- EXERCISE AIM:
When you reach the line with "Con una amplia" in the data below, begin printing lines exactly, and stop once the line with "Ya sea que tengas" has been printed.

- SUPPLIED INFORMATION:
# # # #

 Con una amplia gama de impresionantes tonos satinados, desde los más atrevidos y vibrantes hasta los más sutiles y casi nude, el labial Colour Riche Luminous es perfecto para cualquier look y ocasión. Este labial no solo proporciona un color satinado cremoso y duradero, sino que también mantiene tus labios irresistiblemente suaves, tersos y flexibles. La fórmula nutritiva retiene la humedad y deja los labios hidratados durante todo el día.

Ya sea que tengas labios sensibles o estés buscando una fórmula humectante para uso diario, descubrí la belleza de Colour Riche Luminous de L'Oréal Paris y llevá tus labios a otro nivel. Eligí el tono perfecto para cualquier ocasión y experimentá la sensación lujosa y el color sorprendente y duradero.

# # # #

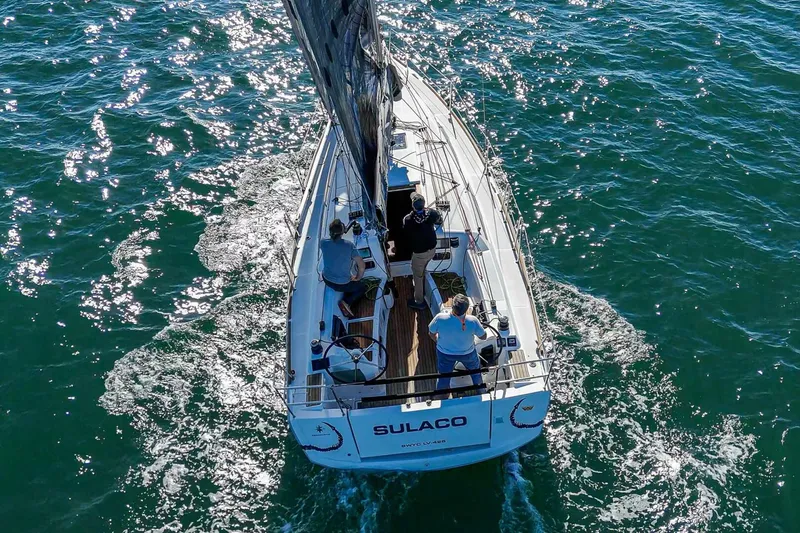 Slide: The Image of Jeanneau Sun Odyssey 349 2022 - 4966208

# # # #

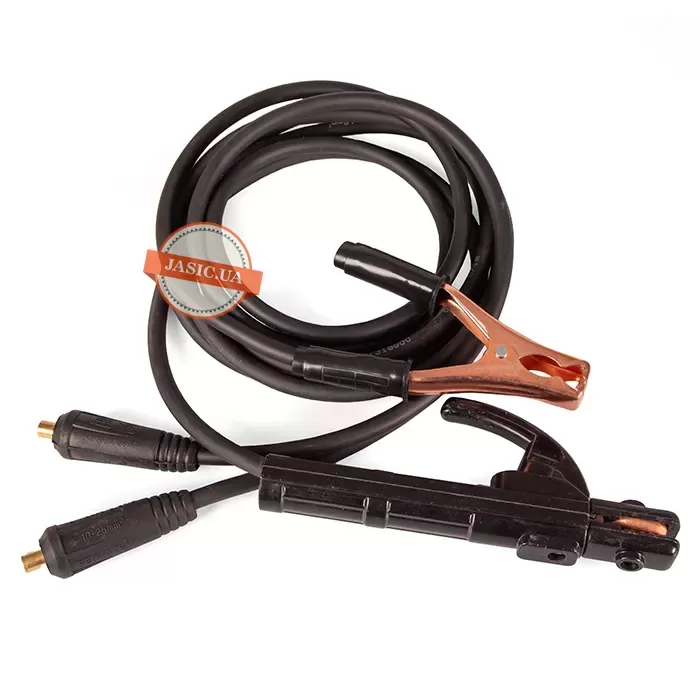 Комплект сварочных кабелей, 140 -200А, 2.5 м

# # # #

- YOUR SOLUTION:
 Con una amplia gama de impresionantes tonos satinados, desde los más atrevidos y vibrantes hasta los más sutiles y casi nude, el labial Colour Riche Luminous es perfecto para cualquier look y ocasión. Este labial no solo proporciona un color satinado cremoso y duradero, sino que también mantiene tus labios irresistiblemente suaves, tersos y flexibles. La fórmula nutritiva retiene la humedad y deja los labios hidratados durante todo el día.

Ya sea que tengas labios sensibles o estés buscando una fórmula humectante para uso diario, descubrí la belleza de Colour Riche Luminous de L'Oréal Paris y llevá tus labios a otro nivel. Eligí el tono perfecto para cualquier ocasión y experimentá la sensación lujosa y el color sorprendente y duradero.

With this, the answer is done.